Mahdjoub Beda, ses comptes bancaires, entreprises et villa non déclarés

En dépit de son bref passage au ministère de l'Industrie et des Mines, l'ex-ministre Mahdjoub Bedda a, grâce à sa fonction, octroyé des avantages à Mourad Eulmi, Mahiédine Tahkout et Hassen Laarbaoui, causant une perte de 800 milliards de centimes au Trésor public, selon le procureur général.

Le procureur a énuméré les biens de Mahdjoub Bedda, mais seulement ceux qui ne sont pas déclarés «quatre comptes bancaires non déclarés, un terrain à El Mouradia et deux entreprise (SARL) non déclarés».

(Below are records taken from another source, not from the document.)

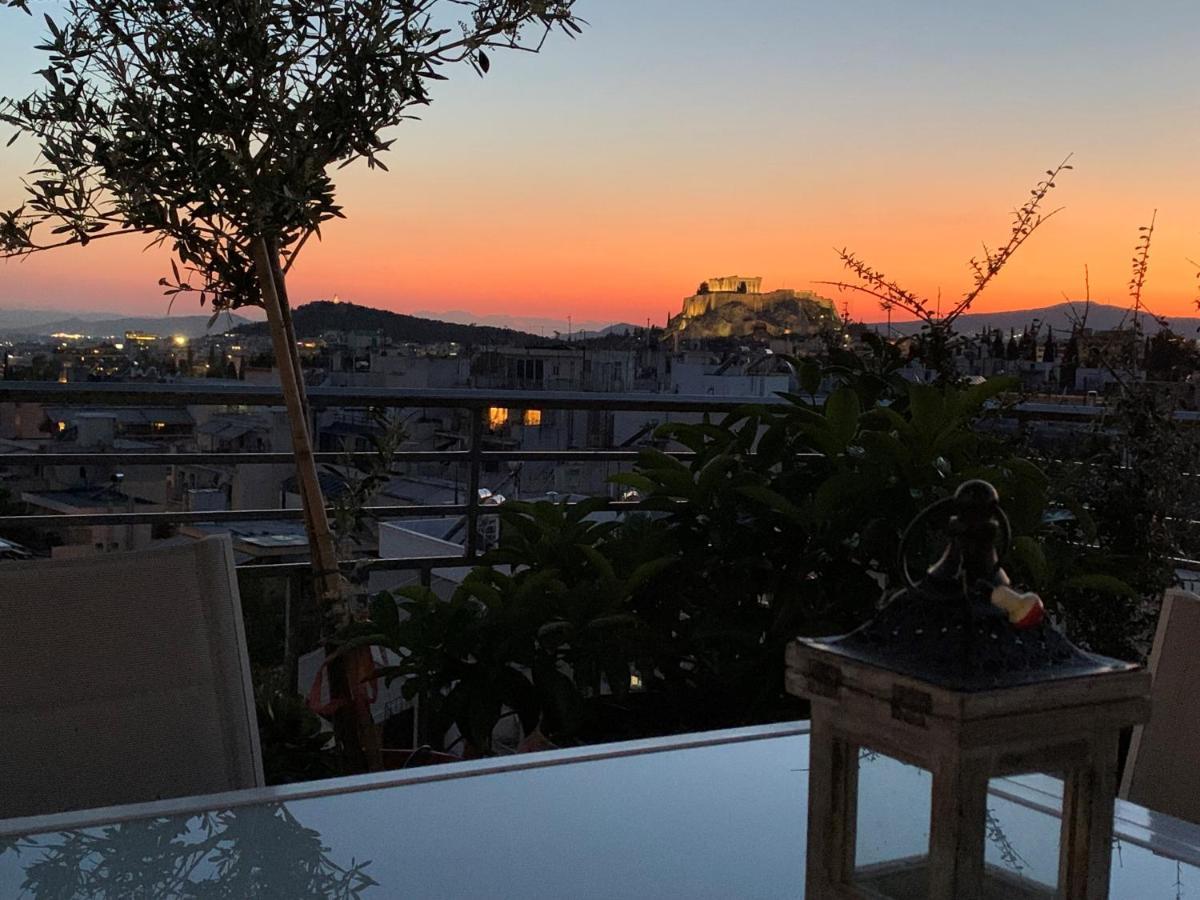 Parthenon Sunset Apartment Athena Bagian luar foto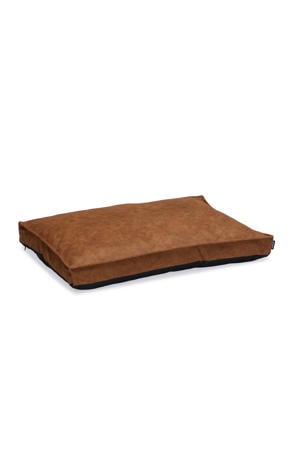 orthopedisch lederlook hondenkussen Lua cognac (100x70 cm)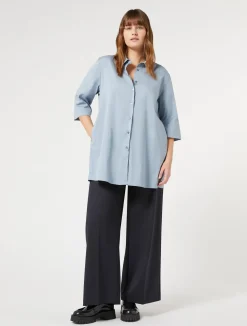 Pantaloni in gabardina fluida*Marina Rinaldi Online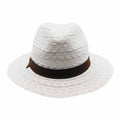White Lace Panama Hat - Brooklyn Hat Co Safari Hat Brooklyn Hat BKN1586 White M (57 cm)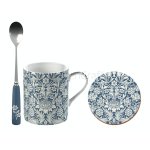 Victoria And Albert Sunflower Can Mug, Spoon And Coaster Set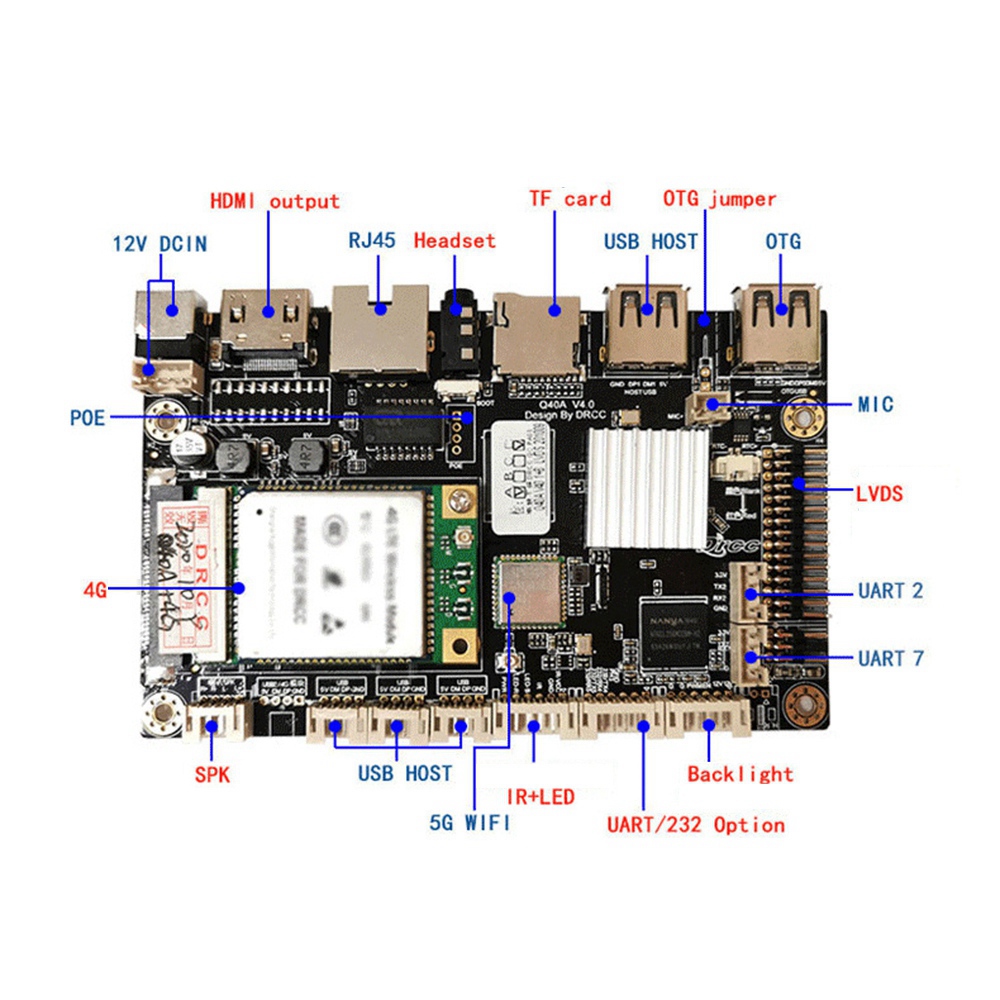 Allwinner A40I Android Industrial Control Motherboard is for Smart ...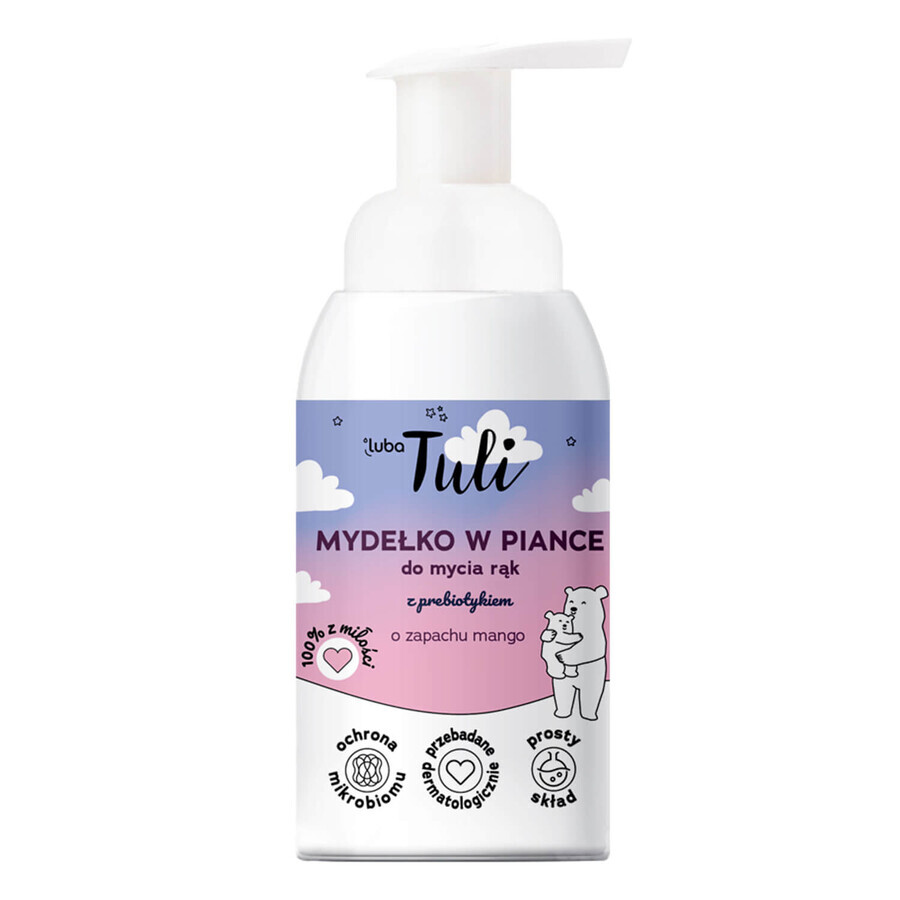 Luba Tuli, savon mousse pour les mains avec prébiotique, parfum mangue, 250 ml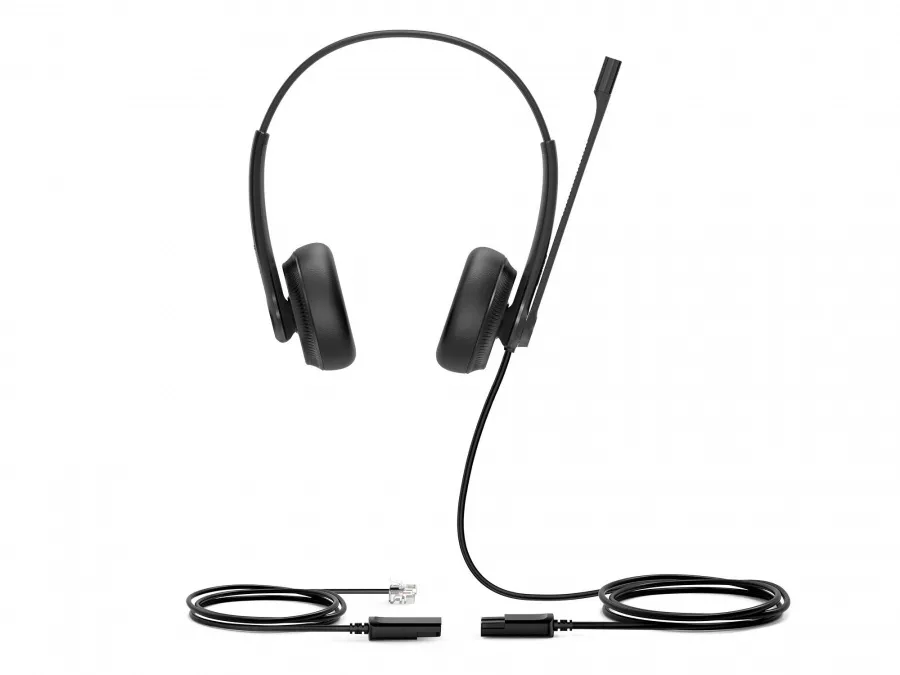 YHS34 Dual Дуо, Проводная, HD звук, QD, RJ9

Youcef Yousfi est accusé d'avoir bloqué les dossiers d'investissements dans le secteur automobile, des projets d'Omar Rebrab, d'Aichaibou et Amin-Auto. Et en donnant en parallèle des privilèges à Ahmed Maazzouz. Comme il avait signé des décisions d'exonération pour un montant 29 millions de DA rien que pour Hassen Arbaoui.

L'ex-ministre de l'Industrie, Abdeslam Bouchaouareb, cité à plusieurs reprises lors de ce procès, a accordé 7.700 milliards de centimes sous forme d'avantages en causant un préjudice de 1.500 milliards de centimes au Trésor public. Il a également affirmé qu'Abdeslam Bouchaouareb a acquis illégalement énormément de biens grâce aux pots-de-vin.

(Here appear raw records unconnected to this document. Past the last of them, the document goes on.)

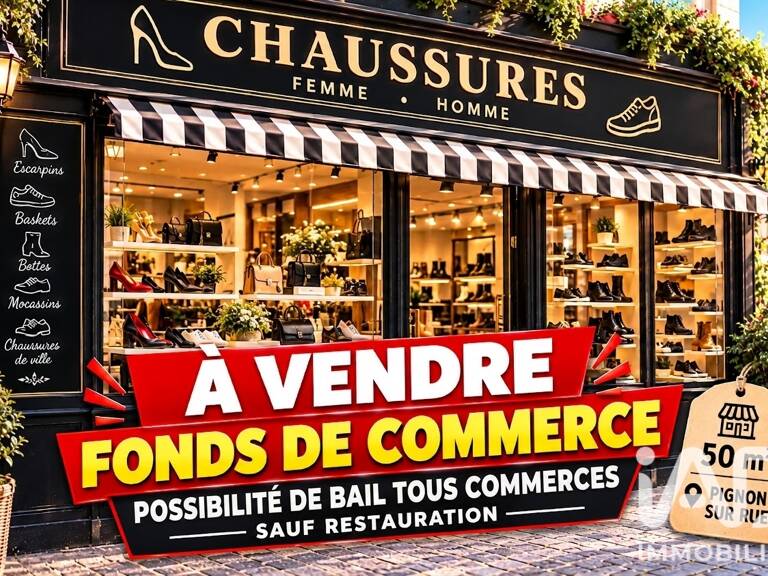 Vente Local commercial 50 m&sup2; — photo 1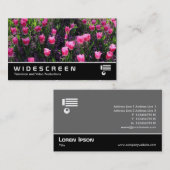 ワイドスクリーン0473 – ピンクのチューリップのベッド 名刺 (正面/裏面)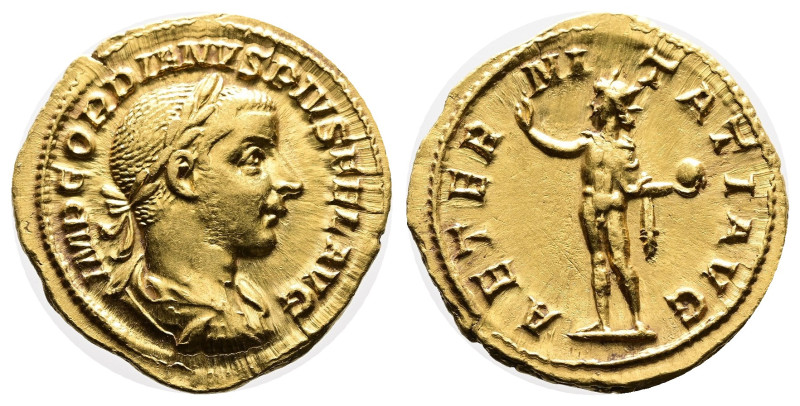 Gordian III. AD 238-244. Rome. Gold Aureus (20.61 mm, 4.66 g.). IMP GORDIANVS PI...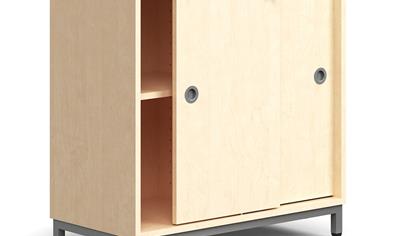 Cover image for QBUS Storage Lockable sliding door cabinet 1 shelf, 868x800x400 mm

La défense entre le boycott et des plaidoiries pour innocenter les accusés

Sur les 80 avocats qui devaient en principe défendre les accusés dans cette affaire, seuls 7 ont fait entendre leur voix, le reste a boycotté le procès «en l'absence de conditions permettant le bon déroulement d'un procès équitable», disent-ils.

L'avocat Laifa Ouyahia, le frère d'Ahmed Ouyahia a plaidé l'innocence de son frère en affirmant qu'il n'est pas dupe pour faire du blanchiment d'argent à travers une banque publique. Et d'affirmer «mon frère a servi toute sa vie l'Etat et ne doit pas être traité de cette manière», en ajoutant en outre que «ces affaires sont des affaires purement financières et commerciales, donc elles sont du ressort du civil, et pas du pénal».

A noter qu'Abdelmalek Sellal a été pris d'un malaise au moment où son avocat allait entamer sa plaidoirie, notamment après l'annonce du réquisitoire. L'avocat de Mohamed Biari a plaidé l'innocence de son client.

Les avocats qui ont boycotté le procès ont affirmé que le bâtonnat devrait sanctionner ceux qui ont assuré la plaidoirie. «On s'est tous entendus pour boycotter le procès vu les conditions, mais certains nous ont laissés tomber à mi-chemin», nous dira maître Amer Zaidi.